Menurut beberapa hadis yang menjelaskan tentang batas yang termasuk ke dalam kategori tetangga ialah empat puluh rumah dari setiap empat rumah yang terdekat. Dengan kata lain, sebatas empat puluh rumah dari empat rumah yang terdekat itu terhitung sebagai tetangga.
Imam Ali as. bersabda, “Wilayah suci masjid adalah empat puluh dzira’ (kira-kira 4 x 45 cm) dan wilayah bertetangga ialah empat puluh rumah dari setiap empat rumah yang terdekat.” (Al-Bihâr, Bab 9)

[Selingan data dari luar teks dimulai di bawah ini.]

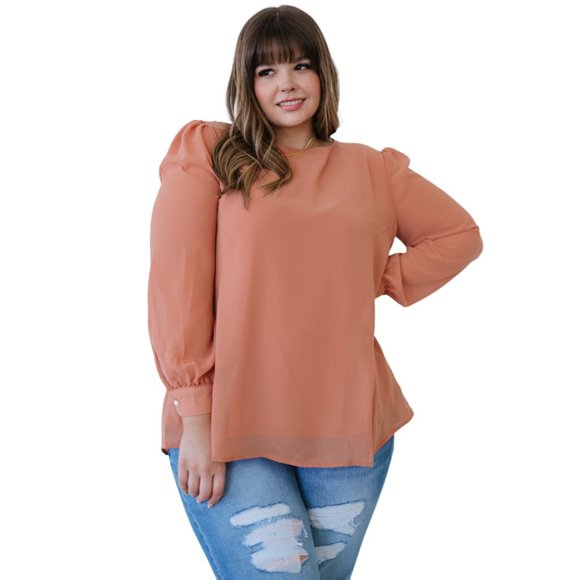 🧡🧡🧡 Zenana Once Upon A Time Plus Size Chiffon Blouse 🧡🧡🧡 - Picture 1 of 11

Ulama Islam, sesuai anjuran Nabi saw. dan para imam suci as. menyangkut kepedulian hak-hak tetangga, memusatkan pikiran dengan sangat serius dan amat teliti dalam mengkajinya. Satu contoh perhatian serius mereka tentang hak-hak tetangga, kami sebutkan berikut ini:
Seorang faqih besar Syi’ah, almarhum Sayid Jawad Amuli, menceritakan, “Di suatu malam, aku sedang menyiapkan makan malam di rumah. Lalu seorang pembantu Almarhum Al-Ustadz Bahrul Ulum mengetuk pintu rumah. Ketika aku buka pintu untuknya, ia berkata, ‘Al-Ustadz mengundangmu. Beliau sudah menyiapkan makanan malam tetapi beliau tidak akan makan sampai kamu datang.’
“Ketika itu, aku bergegas dan bersiap-siap lalu berangkat dengan cepat. Ketika aku sampai di kediaman Al-Ustadz, aku melihat beliau tampak sangat marah memandangku dan beliau berkata, ‘Sayid Jawad, apakah kamu tidak takut kepada Allah? Apakah kamu tidak malu kepada Allah?’
“Dengan heran aku bertanya, ‘Jika tidak keberatan mohon jelaskan kesalahanku?’
“Beliau berkata, ‘Selama seminggu, tujuh hari tujuh malam, tetanggamu dan keluarganya sulit mencari makanan. Selama itu, ia selalu membeli dengan berhutang kurma yang termurah pada penjual di pinggir gang. Pada hari ini, ia pergi ke penjual kurma untuk membeli. Penjual marah karena hutangnya telah banyak. Ia merasa malu dan pulang ke rumah dengan tangan kosong. Malam ini, ia dan keluarganya tanpa makan malam.’
“Aku berkata, ‘Ya Ustadz! Demi Allah, selama ini aku tidak tahu kejadian ini. Kalau aku tahu, tentu sudah aku bantu.’
‘Kebencianku karena inilah, mengapa kamu tidak mengetahui keadaan tetanggamu? Mengapa sampai tujuh hari tujuh malam mereka mengalami seperti ini sementara kamu tidak mengetahui? Apabila kamu mengetahuinya dan kamu tidak memberi mereka makan, kamu bukan seorang muslim, tetapi seorang Yahudi.’
“Setelah itu, Al-Ustadz menyodorkan piring makanan kepadaku dan berkata, ‘Bawalah makanan ini dan katakan aku telah menyiapkan makan malam!’ Kemudian Ustadz memberiku uang dan menegaskan, ‘Ambil uang ini dan taruhlah di bawah alas rumahnya!’
Demikianlah sisi lain Al-marhum Sayid Bahrul ‘Ulum, betapa perhatiannya beliau kepada tetangga Sayid Jawad Amuli di saat tiada seorang pun yang memperhatikannya. Namun yang dapat kita ambil dari kisah ini adalah betapa sungguh perhatian dan telitinya ulama besar Islam tentang memperhatikan keadaan tetangga, kesulitan, dan kesusahan mereka.